◆ **Required action**: Nothing but the pictures should be left out when you copy the records exactly.

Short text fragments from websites
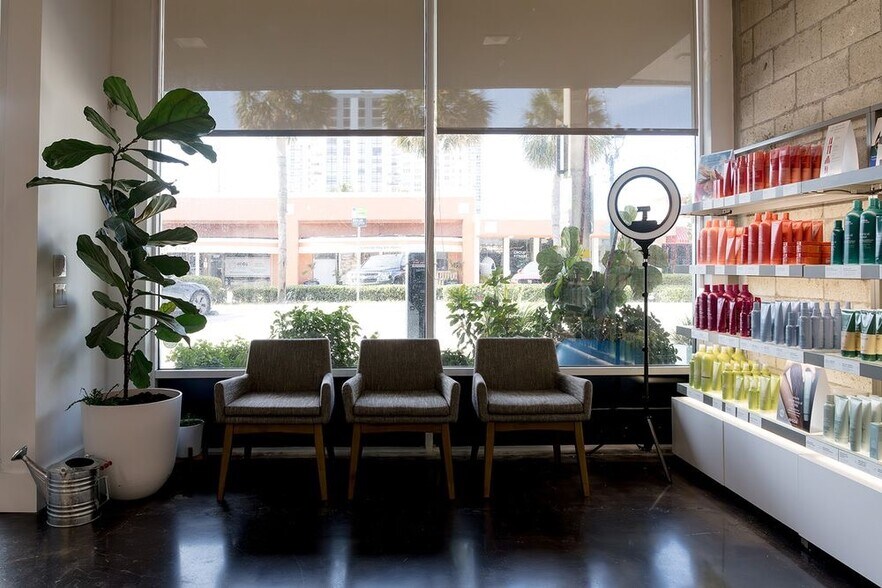 More Photos Of 3325-3327 NE 32nd St, Fort Lauderdale Storefront Retail Office For Sale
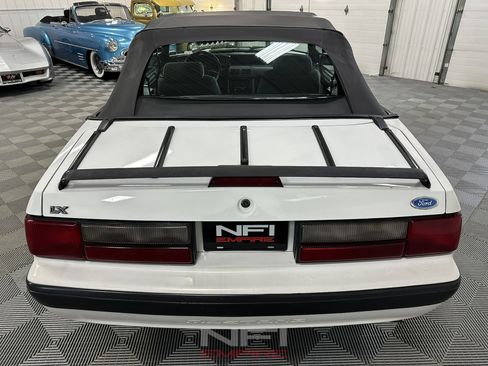 Used 1987 Ford Mustang LX image 17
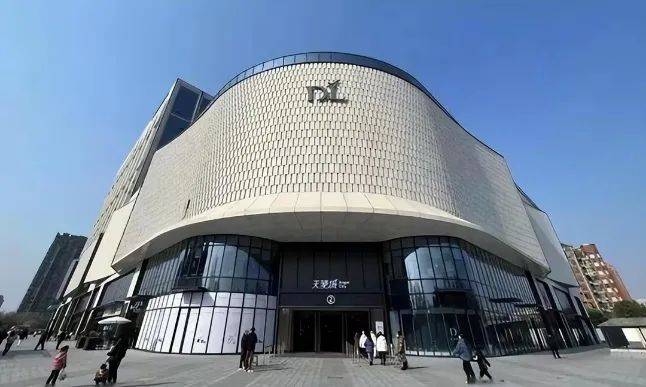 小时进不去胖东来为啥这么火？EVO视讯真人凌晨6点排队3(图6)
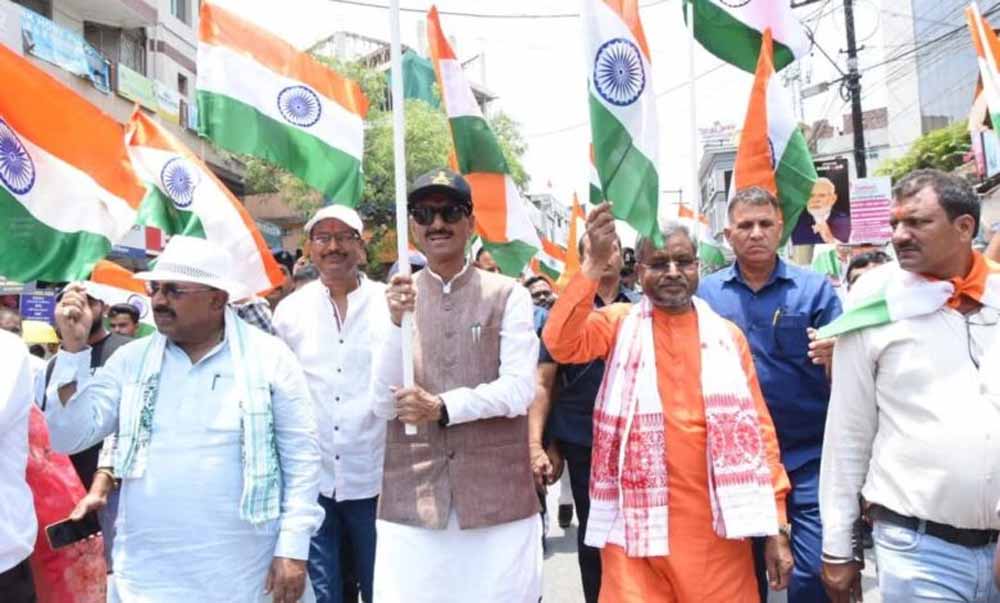 बीजेपी ने रांची में निकाली तिरंगा यात्रा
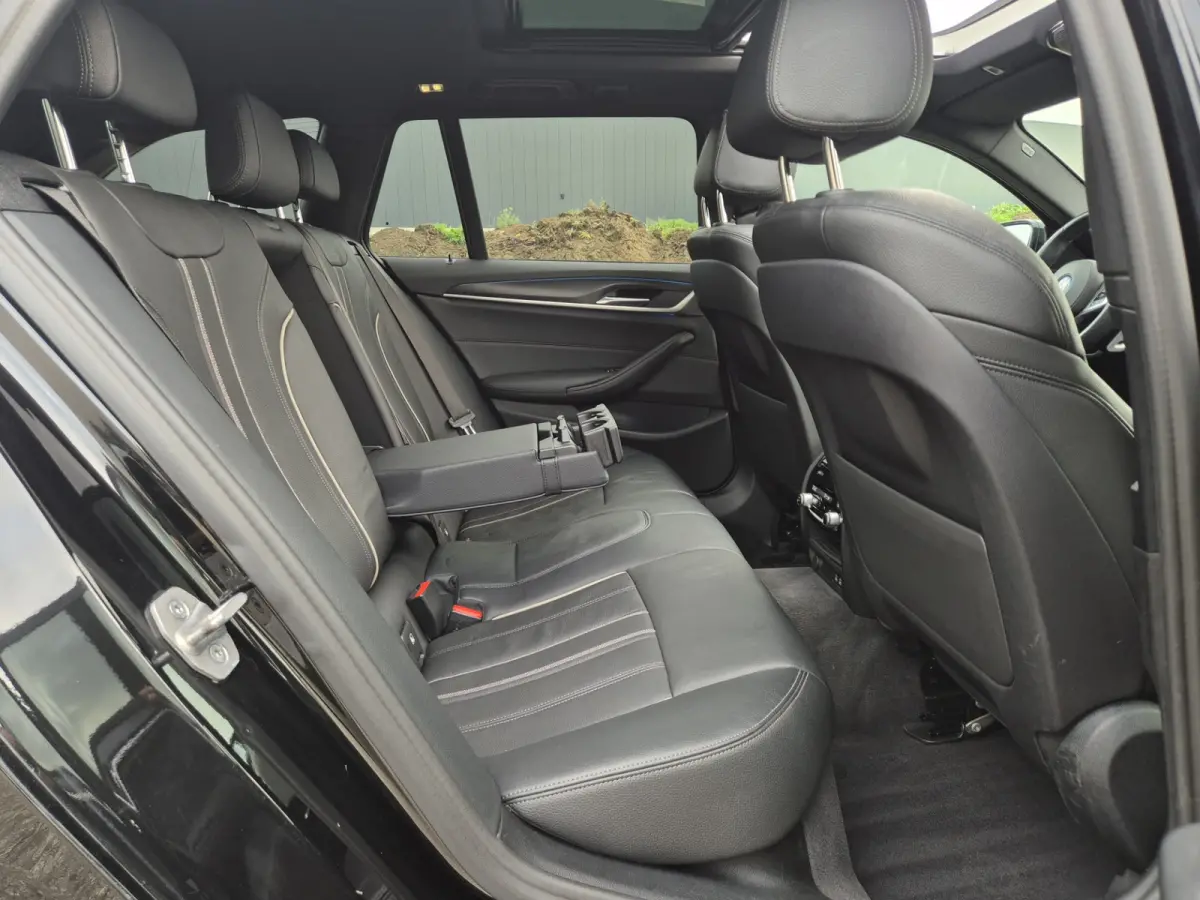 530 e M-Sport Hybride Schuifdak, Leder M-pakket / Panoramadak.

◆ **Result**:
 More Photos Of 3325-3327 NE 32nd St, Fort Lauderdale Storefront Retail Office For Sale
 Used 1987 Ford Mustang LX image 17
 小时进不去胖东来为啥这么火？EVO视讯真人凌晨6点排队3(图6)
 बीजेपी ने रांची में निकाली तिरंगा यात्रा
 530 e M-Sport Hybride Schuifdak, Leder M-pakket / Panoramadak.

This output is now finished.